Preston Oshita (born June 26, 1993), better known by his stage name Towkio, is an American rapper from Chicago, Illinois. He was previously known as Young P, Preston San, and Tokyo Shawn. He is a member of the Savemoney crew. His debut studio album, WWW., was released in 2018.

Early life
On June 26, 1993, Towkio was born Preston Oshita in Chicago, Illinois to a Mexican mother and a Japanese father. He has two older brothers. He attended Lane Tech College Prep High School.

Career
In 2012, Towkio released a collaborative EP with producer Mojek, titled Community Service. In 2014, he released another EP, titled Hot Chips n Chop Stix, which was produced by A Billion Young.

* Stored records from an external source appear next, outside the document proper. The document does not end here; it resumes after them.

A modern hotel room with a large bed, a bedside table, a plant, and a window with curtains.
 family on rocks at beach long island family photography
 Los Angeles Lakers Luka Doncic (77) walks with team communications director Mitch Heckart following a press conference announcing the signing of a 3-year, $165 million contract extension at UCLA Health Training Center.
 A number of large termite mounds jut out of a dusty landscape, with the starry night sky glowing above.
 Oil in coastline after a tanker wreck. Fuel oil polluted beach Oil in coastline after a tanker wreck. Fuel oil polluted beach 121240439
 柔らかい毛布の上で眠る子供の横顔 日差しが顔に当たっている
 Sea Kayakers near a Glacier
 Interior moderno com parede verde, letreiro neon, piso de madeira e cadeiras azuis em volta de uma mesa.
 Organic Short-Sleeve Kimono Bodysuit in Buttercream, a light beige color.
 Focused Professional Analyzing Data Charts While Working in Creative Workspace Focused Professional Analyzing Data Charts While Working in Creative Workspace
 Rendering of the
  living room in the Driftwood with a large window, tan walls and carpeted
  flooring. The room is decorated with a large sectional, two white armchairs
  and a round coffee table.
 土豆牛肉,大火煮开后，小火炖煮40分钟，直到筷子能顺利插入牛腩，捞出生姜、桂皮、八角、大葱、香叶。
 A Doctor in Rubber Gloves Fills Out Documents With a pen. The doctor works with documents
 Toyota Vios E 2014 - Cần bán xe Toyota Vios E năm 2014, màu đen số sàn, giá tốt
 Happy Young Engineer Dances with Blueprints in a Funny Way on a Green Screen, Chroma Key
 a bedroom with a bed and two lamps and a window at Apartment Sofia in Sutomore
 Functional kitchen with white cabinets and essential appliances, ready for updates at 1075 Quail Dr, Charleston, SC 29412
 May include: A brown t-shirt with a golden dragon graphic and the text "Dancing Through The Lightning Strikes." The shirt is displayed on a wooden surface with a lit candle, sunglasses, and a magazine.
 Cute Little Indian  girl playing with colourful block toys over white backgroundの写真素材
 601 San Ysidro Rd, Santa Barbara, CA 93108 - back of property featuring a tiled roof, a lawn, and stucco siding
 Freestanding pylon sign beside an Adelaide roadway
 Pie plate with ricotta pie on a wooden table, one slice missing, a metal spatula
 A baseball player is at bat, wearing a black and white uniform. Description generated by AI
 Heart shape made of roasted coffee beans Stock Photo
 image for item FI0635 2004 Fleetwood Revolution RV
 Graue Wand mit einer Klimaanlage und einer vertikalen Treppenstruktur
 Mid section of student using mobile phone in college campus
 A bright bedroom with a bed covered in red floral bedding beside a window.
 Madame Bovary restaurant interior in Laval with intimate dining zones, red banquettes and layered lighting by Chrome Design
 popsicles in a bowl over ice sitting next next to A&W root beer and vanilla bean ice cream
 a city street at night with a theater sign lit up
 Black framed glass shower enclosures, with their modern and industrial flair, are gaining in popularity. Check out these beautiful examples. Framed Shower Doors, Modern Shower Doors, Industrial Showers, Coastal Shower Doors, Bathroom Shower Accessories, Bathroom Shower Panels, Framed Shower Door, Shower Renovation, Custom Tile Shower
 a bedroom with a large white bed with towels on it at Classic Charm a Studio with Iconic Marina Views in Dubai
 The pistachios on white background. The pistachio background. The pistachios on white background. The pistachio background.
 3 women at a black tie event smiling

In 2015, Towkio released a mixtape, titled .Wav Theory, which featured contributions from Chance the Rapper, Vic Mensa, Kaytranada, and Donnie Trumpet. It was included on year-end lists by publications such as Complex, Chicago Tribune, and RedEye. He was included on HipHopDXs "Top 8 Rising Stars of 2015" list. In 2016, Towkio was featured alongside Justin Bieber on Chance the Rapper's song, "Juke Jam", from his third mixtape, Coloring Book. That same year, he released an EP, titled Community Service 2.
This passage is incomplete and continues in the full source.